At least with the $()
that timing attack won't work, because you only start executing when curl completes...
tgt
What's that? A connection problem? Ah, it's already running the part that it did get... Oops right on the boundary of rm -rf /thing/that/got/cut/off
. I'm angry now. I expected the script maintainer to keep in mind that their script could be cut off at litterally any point... (Now what is that set -e
the maintainer keeps yapping about?)
Can you really expect maintainers to keep network error in mind when writing a Bash script?? I'll just download your script first like I would your binary. Opening yourself up to more issues like this is just plain dumb.

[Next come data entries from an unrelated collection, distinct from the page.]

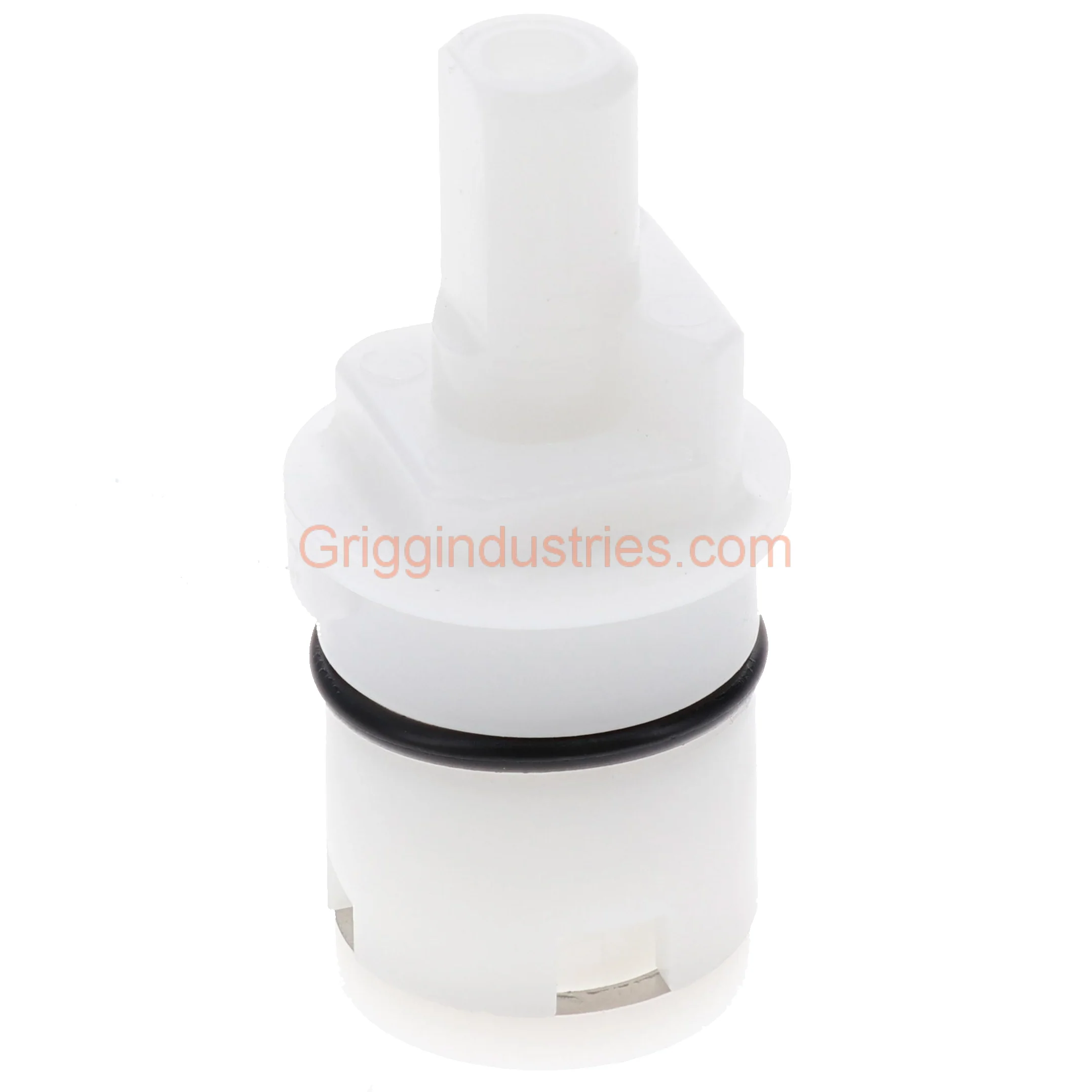 Stem For Valley V6804 - Image 7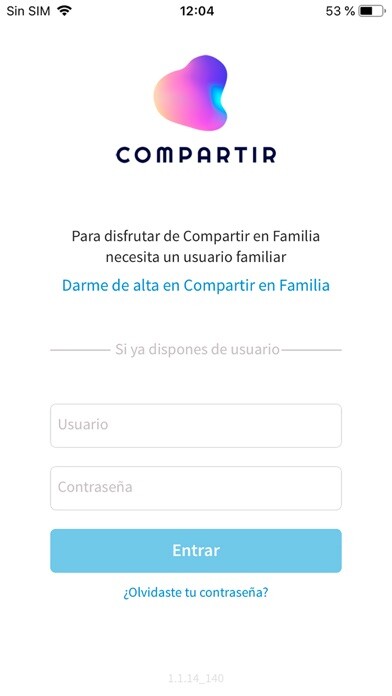 Run android online APK Compartir en familia from MyAndroid or emulate Compartir en familia using MyAndroid Run android online APK Compartir en familia from MyAndroid or emulate Compartir en familia using MyAndroid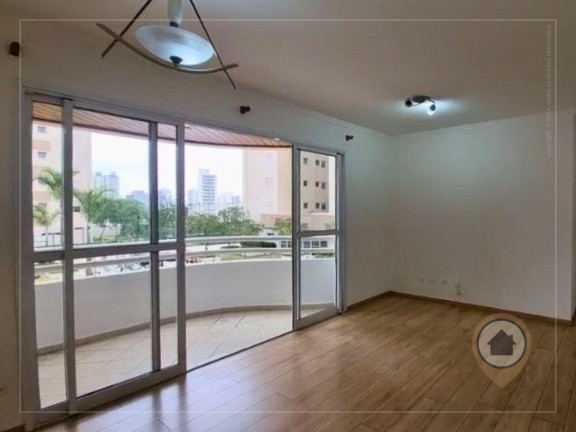 Apartamento com 3 Quartos à Venda, 92 m² em Jardim Zaira - Guarulhos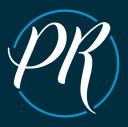 Prestige Realty of Florida LLC logo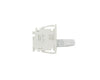 Whirlpool Part# 33001250 Sensor Switch (OEM)
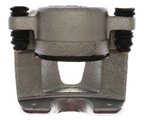 Raybestos FRC10509C Disc Brake Caliper - Front Right - view 4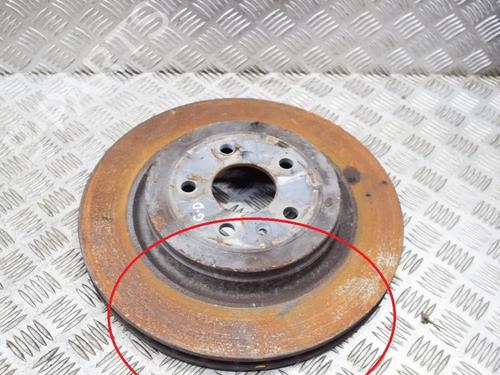 Other TESLA MODEL S (5YJS) 75 | BP14631415O1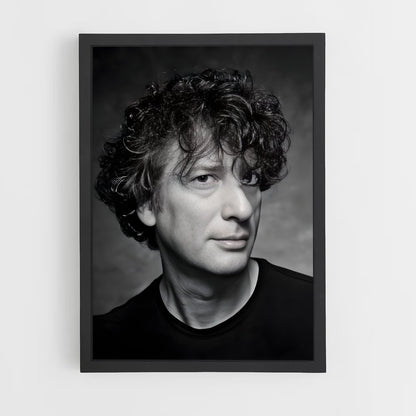 ap-neil gaiman-1 cadre Noir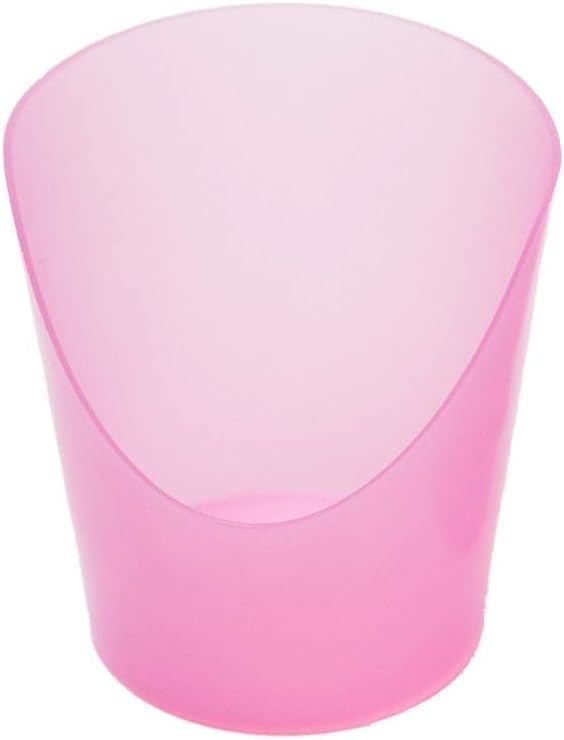 Flexi Nosey Cup Combo - 1 of Each Size : Everything Else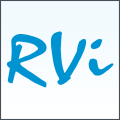 Обновленное программное обеспечение для видеорегистраторов RVi-R08LB-PRO и RVi-R16LB-PRO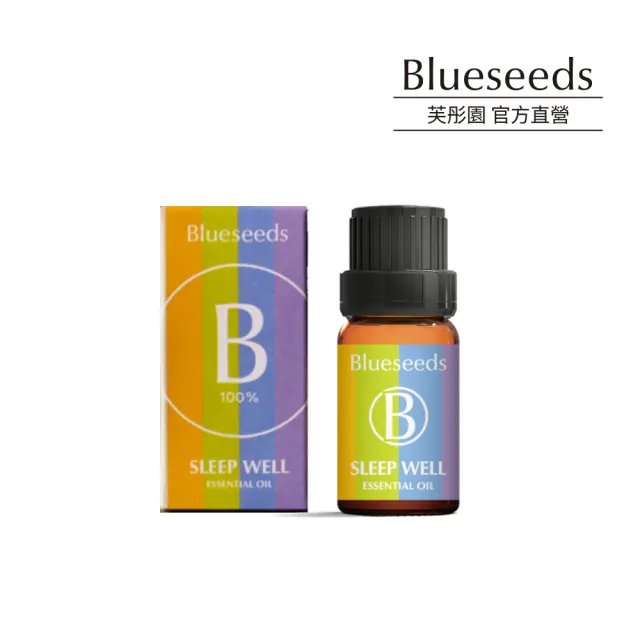 【2026】馬鬱蘭精油推薦10款高評價馬鬱蘭精油品牌排行 | BALIMAN情報局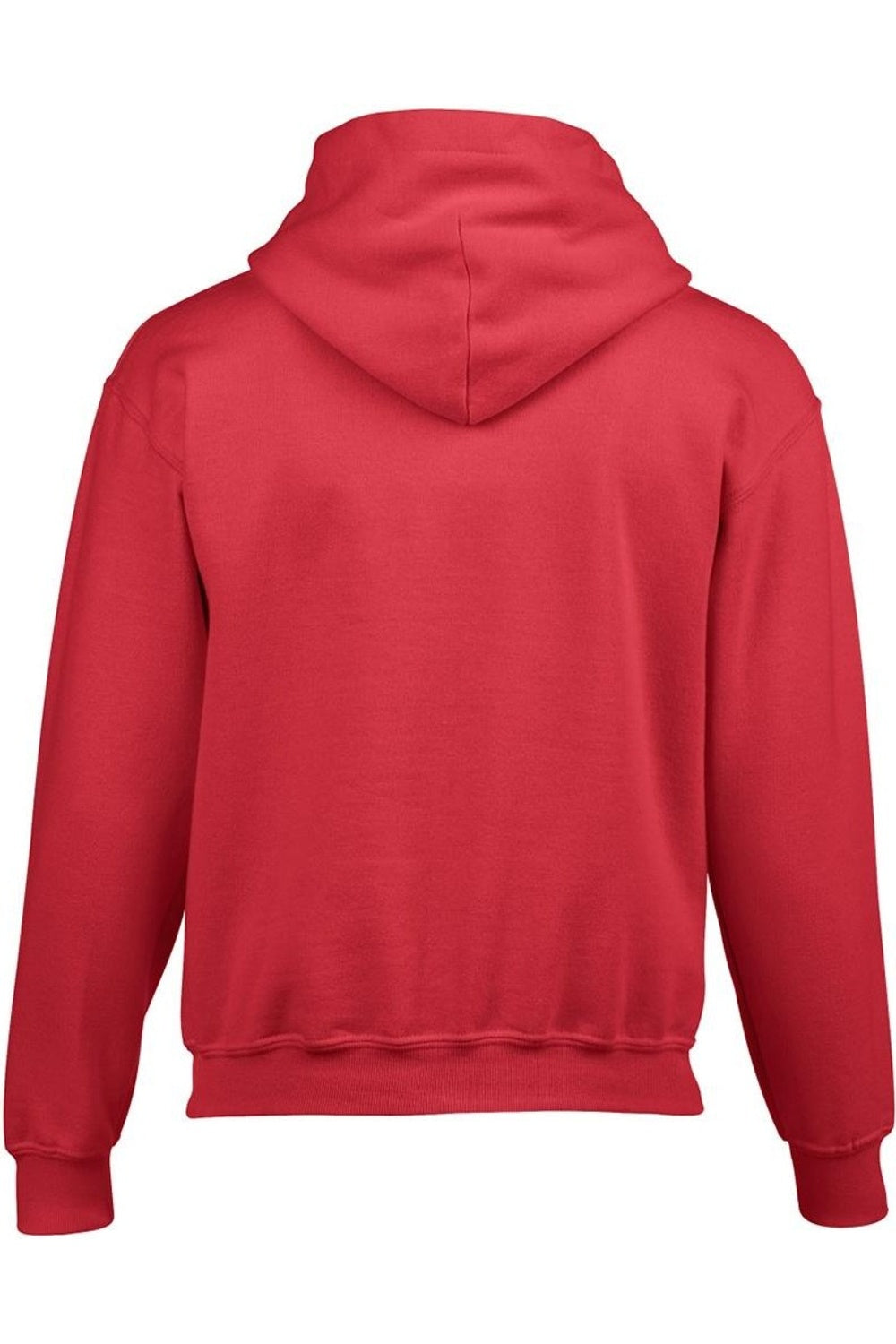 Justice League of America Cooke Head Youth Pull Over Hoodie / Hooded Sweatshirt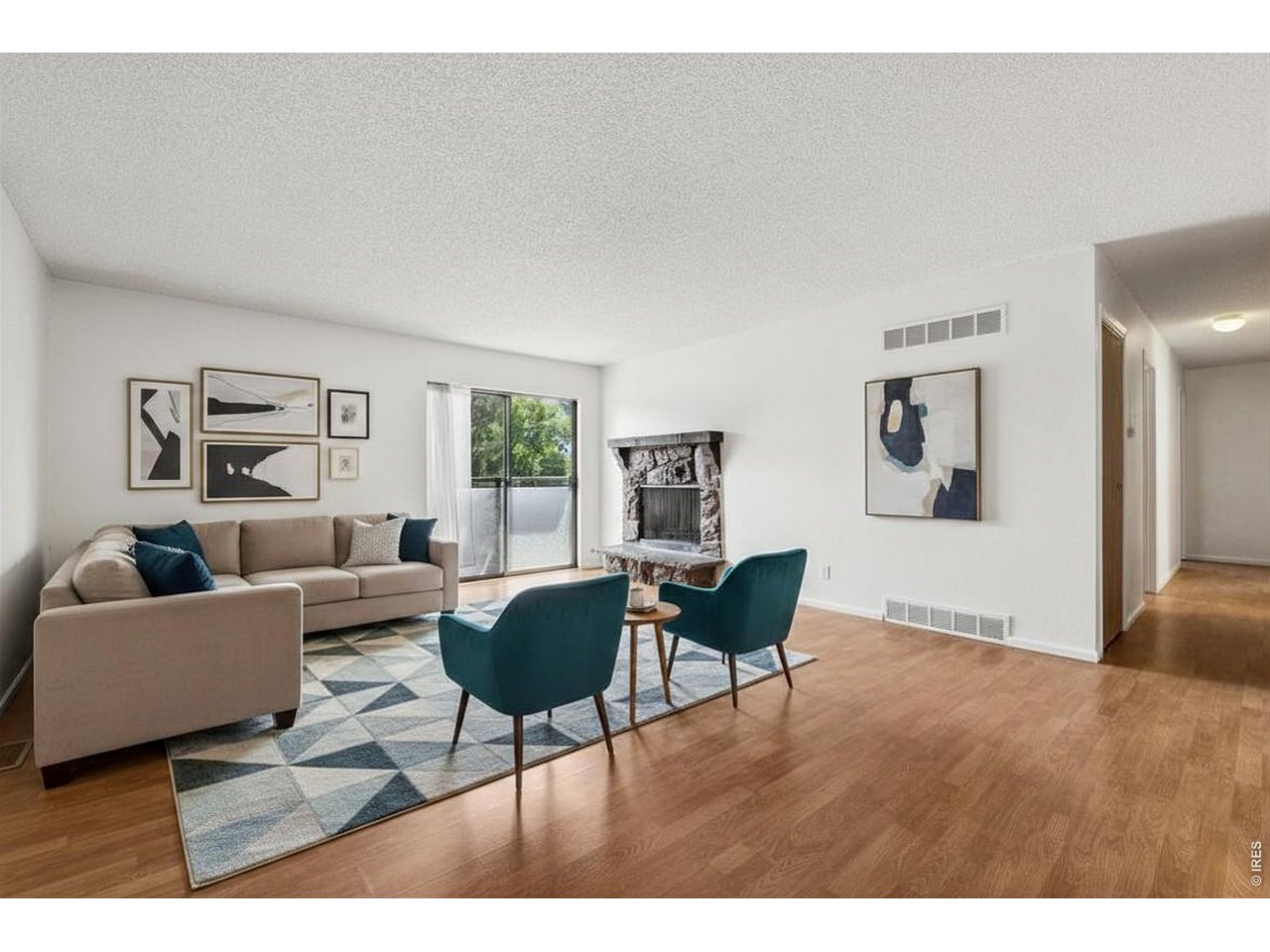 Photo 1 of 16 — 6505 Kalua Rd 302B, Boulder, CO 80301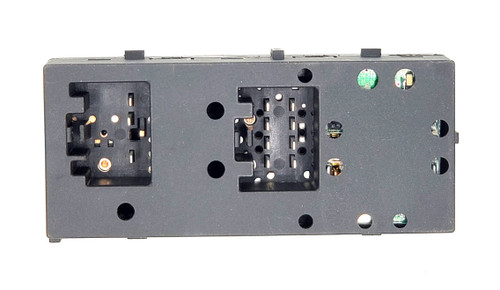 Holstein Door Window Switch 2WIN0003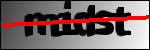 النص للتعريف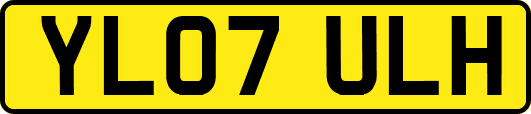 YL07ULH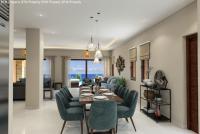 Haus kaufen Paphos klein q9czzgs332a9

It is absolutely possible to know as the server serving a bash script if it is being piped into bash or not purely by the timing of the downloaded chunks. A server could halfway through start serving a different file if it detected that it is being run directly. This is not a theoretical situation, by the way, this has been done. At least when downloading the script first you know what you'll be running. Same for a source tarball. That's my main gripe with this piping stuff. It assumes you don't even care about the security.
At the end, in redirection, <<
: that's not how here-documents work. The example gives the impression it will read the given file up until "STOP", but in reality the shell expects you to keep writing your here-doc until you write "STOP" and then feeds it to the program as if it were all on stdin. I don't think wc even does anything with the stdin if you give it a filename...
Note that variable expansion will happen in here-docs, so it's a bit different than a simple cat
.
Also look into here-strings. And process substitution, I find that quite handy.
See the proof of concept for the pipe detection mentioned elsewhere in the thread https://github.com/Stijn-K/curlbash_detect . For that to work, curl has to send to stdout without having all data yet. Most reasonable scripts won't be large enough, and will probably be buffered in full, though, I guess.
Thanks for the laugh on the package installer, haha.